Sorry so long........I started typing and kindof poured my heart out to you all. Thank you for reading, if you go ahead and brave the long post.
Thank you for this thread. I just noticed it today and I am a survivor of sexual abuse as well. I never was able to repress the memories of childhood abuse........actually they are almost as vivid, disgusting,upsetting, and scary as the first time I was abused as a child. Also, I have also survived sexual assault as an adult.
When the topic comes up, I cannot stress to people strongly enough about rape from a spouse/significant other as a legitimate reason to press charges, leave the relationship (which is sometimes hard, I know, especially when you are practically brainwashed by the other person), and to seek help for sexual abuse.
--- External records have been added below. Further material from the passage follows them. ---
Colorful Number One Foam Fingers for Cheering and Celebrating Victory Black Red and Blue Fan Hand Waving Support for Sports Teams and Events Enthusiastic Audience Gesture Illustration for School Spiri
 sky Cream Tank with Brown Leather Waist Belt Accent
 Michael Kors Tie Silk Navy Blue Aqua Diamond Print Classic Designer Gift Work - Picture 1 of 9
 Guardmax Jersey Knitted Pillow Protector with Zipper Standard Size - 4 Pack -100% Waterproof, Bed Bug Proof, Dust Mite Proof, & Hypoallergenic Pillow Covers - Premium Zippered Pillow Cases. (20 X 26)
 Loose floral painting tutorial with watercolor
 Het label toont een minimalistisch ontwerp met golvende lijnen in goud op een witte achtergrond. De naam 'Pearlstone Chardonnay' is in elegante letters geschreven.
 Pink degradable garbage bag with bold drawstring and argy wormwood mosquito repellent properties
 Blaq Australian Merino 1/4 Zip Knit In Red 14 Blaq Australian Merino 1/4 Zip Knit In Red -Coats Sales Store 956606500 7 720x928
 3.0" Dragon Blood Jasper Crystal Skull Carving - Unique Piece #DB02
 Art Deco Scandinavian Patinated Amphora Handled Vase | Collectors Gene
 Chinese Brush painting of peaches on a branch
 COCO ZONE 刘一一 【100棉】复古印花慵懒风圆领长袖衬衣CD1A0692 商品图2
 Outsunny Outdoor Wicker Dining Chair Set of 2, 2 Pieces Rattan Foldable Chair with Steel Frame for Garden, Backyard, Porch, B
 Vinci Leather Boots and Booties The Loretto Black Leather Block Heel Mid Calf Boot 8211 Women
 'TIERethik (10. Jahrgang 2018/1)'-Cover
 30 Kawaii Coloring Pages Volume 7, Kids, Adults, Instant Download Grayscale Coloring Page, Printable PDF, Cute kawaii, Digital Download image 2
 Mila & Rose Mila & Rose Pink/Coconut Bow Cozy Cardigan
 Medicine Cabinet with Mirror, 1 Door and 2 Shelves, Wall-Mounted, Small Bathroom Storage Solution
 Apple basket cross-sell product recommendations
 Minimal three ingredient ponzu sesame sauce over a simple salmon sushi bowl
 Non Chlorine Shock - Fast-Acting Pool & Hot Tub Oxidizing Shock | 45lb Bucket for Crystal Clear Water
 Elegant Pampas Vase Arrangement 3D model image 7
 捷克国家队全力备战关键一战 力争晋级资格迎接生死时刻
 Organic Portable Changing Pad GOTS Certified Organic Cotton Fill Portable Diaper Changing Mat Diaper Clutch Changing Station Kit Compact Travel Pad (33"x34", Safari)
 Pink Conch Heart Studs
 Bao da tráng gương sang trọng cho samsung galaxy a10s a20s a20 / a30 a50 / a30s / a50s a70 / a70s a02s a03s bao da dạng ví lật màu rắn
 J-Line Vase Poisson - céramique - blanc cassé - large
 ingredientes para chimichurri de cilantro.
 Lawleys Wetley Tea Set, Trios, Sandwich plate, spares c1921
It is just awful that in some places, spousal sexual abuse was not considered an actual forced sex event until fairly recently. Some places in the world still feel this way, and/or the victim is the one punished, blamed, jailed, etc. And, many individuals feel this way.........that the duty of the victimized spouse is to provide sex as often as the abusive spouse desires because this is understood as a required part of marriage (being a 'good wife'). Women (me included) often struggle with overwhelming guilt for not fulfilling these requirements, fighting back, etc.
It is so frustrating and horrible that rape/sexual abuse is still so prevalent, in this and all situations. Spousal sexual assault is exactly what it says: SEXUAL ASSAULT. It is hard to find the strength to leave a spouse/significant other for these reasons but it can be done and there are resources such as domestic violence shelters, rape councilors, and other places to find help.
I have been through ALOT of therapy and medications to overcome these past events, but I still have physical scars from the abuse (which is kindof embarrassing to have in and near my cooter. My fiance is very sweet and loving and fortunately isn't icked out by scars down there. TMI but oh well). The physical scars are not nearly as bad as the emotional scars one must overcome. If you have been sexually abused try to stay strong! We are survivors and we can help others to be survivors instead of victims!!!
Men who have been through sexual abuse have some of the same barriers to overcome like the spousal abuse because many do not feel that a man can be sexually assaulted. We know different though.......sexual abuse is sexual abuse and is not gender specific. Men........stay strong too! We are all survivors, men and women!!